Reproduce the records below in full and without edits, omitting images.

======== THE DATA ========

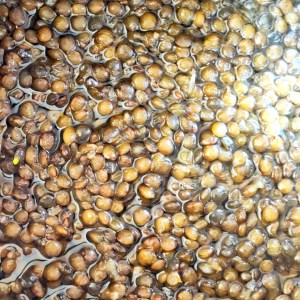 confiture lentilles vertes - confire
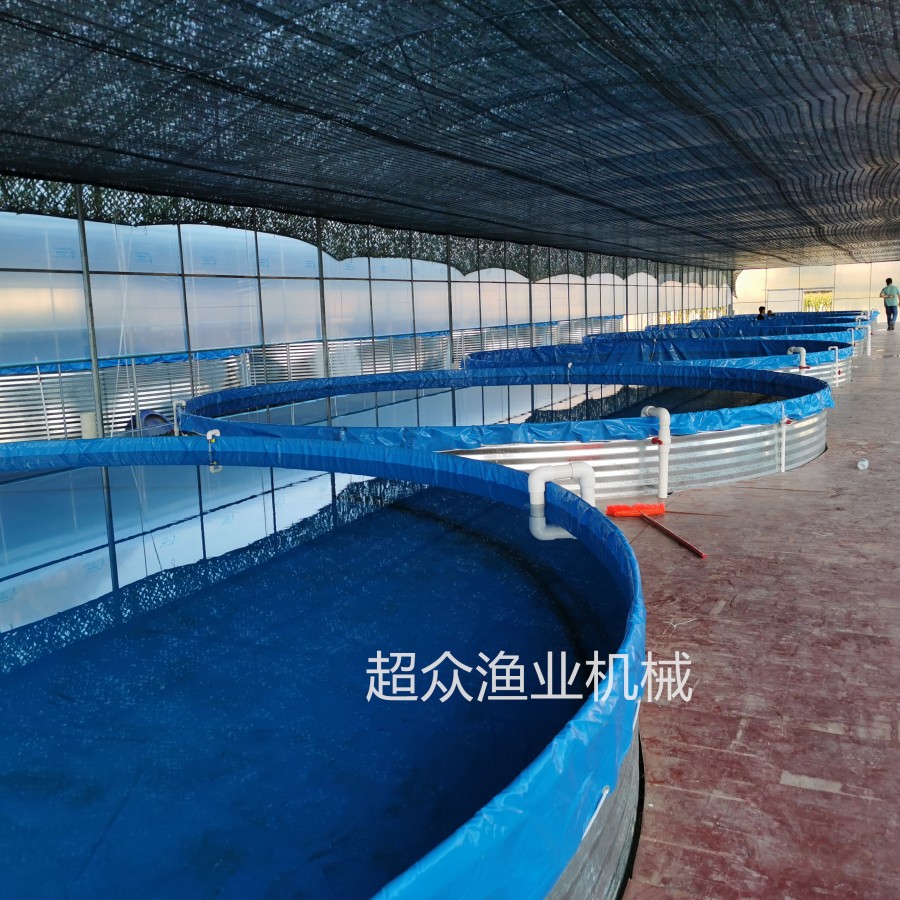 Factory based Circular Aquaculture System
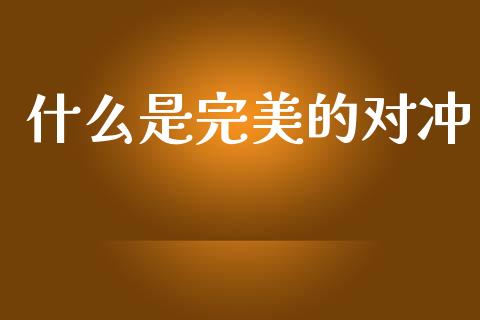 什么是完美的对冲_https://wap.sdxiaoxijinshu.com_期货_第1张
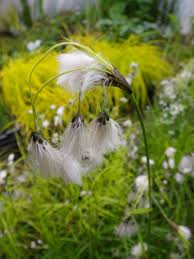 Attēlu rezultāti vaicājumam “Eriophorum latifolium flower”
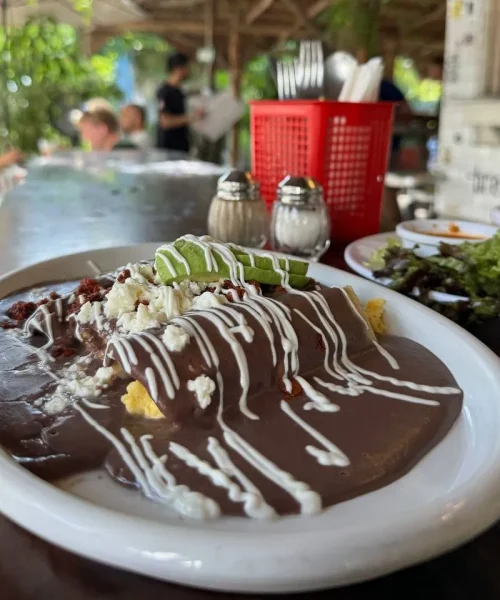 Enfrijoladas estilo veracruz en que huevos
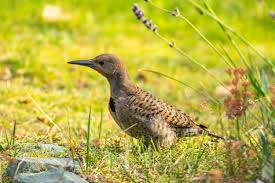 Use them in commercial designs under lifetime, perpetual & worldwide rights. Juvenile Northern Flicker Vancouver Island Birding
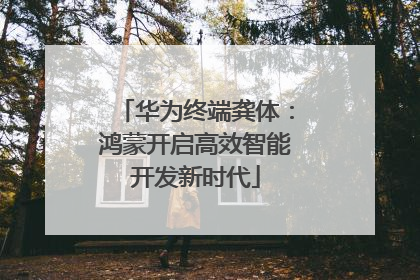 华为终端龚体：鸿蒙开启高效智能开发新时代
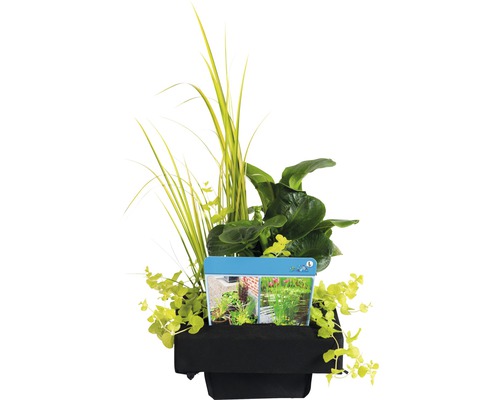 Vijverplantenset in een zwarte plantenbak met verschillende waterplanten.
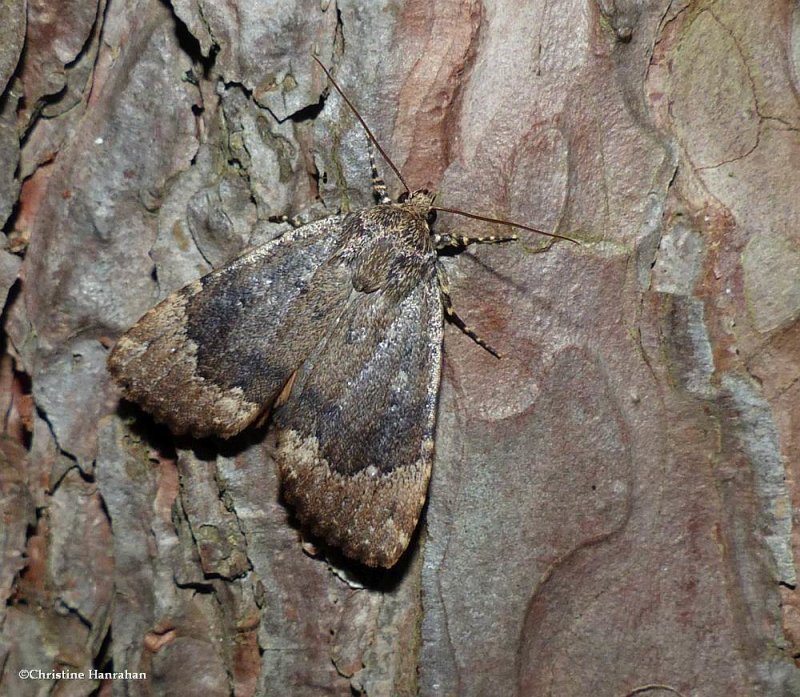Copper underwing moth  (Amphipyra pyramidoides), #9638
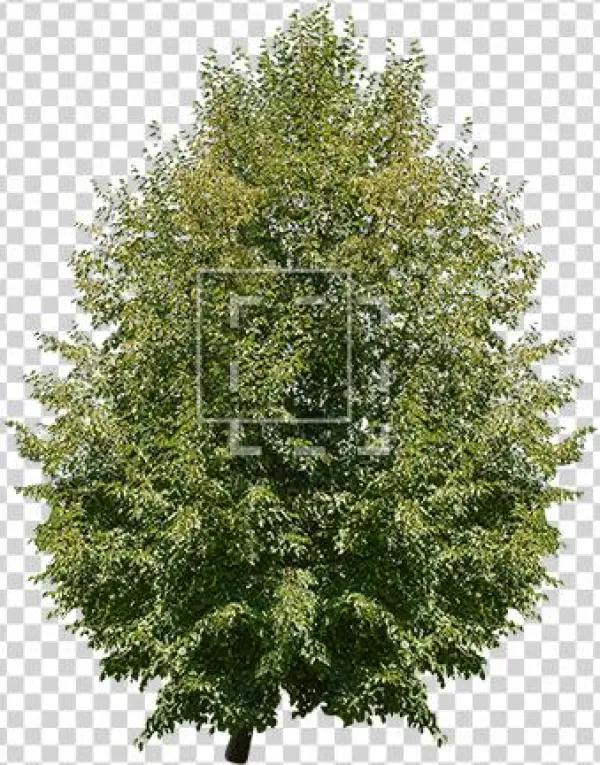 Juglans Regia Tree - Hageland Juletre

========

* [EXERCISE SOLUTION]:
 confiture lentilles vertes - confire
 Factory based Circular Aquaculture System
 什么是完美的对冲_https://wap.sdxiaoxijinshu.com_期货_第1张
 Attēlu rezultāti vaicājumam “Eriophorum latifolium flower”
 Enfrijoladas estilo veracruz en que huevos
 Use them in commercial designs under lifetime, perpetual & worldwide rights. Juvenile Northern Flicker Vancouver Island Birding
 华为终端龚体：鸿蒙开启高效智能开发新时代
 Vijverplantenset in een zwarte plantenbak met verschillende waterplanten.
Copper underwing moth  (Amphipyra pyramidoides), #9638
 Juglans Regia Tree - Hageland Juletre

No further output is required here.